▶ [Goal of the exercise]: Each line in the entries below that holds the string "With" must be copied.

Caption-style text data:
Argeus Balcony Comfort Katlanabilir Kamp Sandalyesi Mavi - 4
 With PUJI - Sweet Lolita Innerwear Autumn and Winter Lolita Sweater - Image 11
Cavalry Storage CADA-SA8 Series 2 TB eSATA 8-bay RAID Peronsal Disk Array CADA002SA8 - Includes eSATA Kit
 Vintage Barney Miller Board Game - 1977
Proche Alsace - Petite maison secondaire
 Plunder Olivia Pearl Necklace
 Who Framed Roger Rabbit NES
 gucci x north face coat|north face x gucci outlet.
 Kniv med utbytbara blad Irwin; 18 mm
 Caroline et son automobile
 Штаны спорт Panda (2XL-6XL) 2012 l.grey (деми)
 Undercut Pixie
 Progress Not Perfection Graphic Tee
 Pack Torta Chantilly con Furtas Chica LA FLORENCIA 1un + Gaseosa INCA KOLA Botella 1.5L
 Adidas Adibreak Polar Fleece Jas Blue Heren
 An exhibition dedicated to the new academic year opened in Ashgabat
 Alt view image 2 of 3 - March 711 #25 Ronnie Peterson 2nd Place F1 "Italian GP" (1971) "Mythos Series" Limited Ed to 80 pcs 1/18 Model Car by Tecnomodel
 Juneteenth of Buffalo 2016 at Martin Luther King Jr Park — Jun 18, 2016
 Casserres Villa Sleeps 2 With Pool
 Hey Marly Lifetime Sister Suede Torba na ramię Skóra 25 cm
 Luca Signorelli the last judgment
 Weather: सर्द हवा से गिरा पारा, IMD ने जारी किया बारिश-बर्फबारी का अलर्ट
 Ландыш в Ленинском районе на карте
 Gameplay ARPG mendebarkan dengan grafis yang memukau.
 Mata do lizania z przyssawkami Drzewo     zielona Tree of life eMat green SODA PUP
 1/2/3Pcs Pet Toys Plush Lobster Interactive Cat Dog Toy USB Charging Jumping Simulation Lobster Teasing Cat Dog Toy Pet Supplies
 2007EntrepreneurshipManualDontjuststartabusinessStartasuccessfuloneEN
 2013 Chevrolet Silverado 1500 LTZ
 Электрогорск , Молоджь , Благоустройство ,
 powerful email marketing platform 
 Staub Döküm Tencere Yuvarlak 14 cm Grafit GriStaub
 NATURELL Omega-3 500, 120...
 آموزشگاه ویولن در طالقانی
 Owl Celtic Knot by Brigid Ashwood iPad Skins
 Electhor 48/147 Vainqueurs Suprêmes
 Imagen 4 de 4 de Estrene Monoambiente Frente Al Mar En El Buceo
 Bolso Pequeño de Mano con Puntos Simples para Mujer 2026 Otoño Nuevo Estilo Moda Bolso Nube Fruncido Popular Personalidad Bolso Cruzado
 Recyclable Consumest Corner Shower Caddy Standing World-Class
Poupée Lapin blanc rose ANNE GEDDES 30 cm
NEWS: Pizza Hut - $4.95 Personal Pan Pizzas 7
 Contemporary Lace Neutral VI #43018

▶ [Task solution]:
 With PUJI - Sweet Lolita Innerwear Autumn and Winter Lolita Sweater - Image 11
 Casserres Villa Sleeps 2 With Pool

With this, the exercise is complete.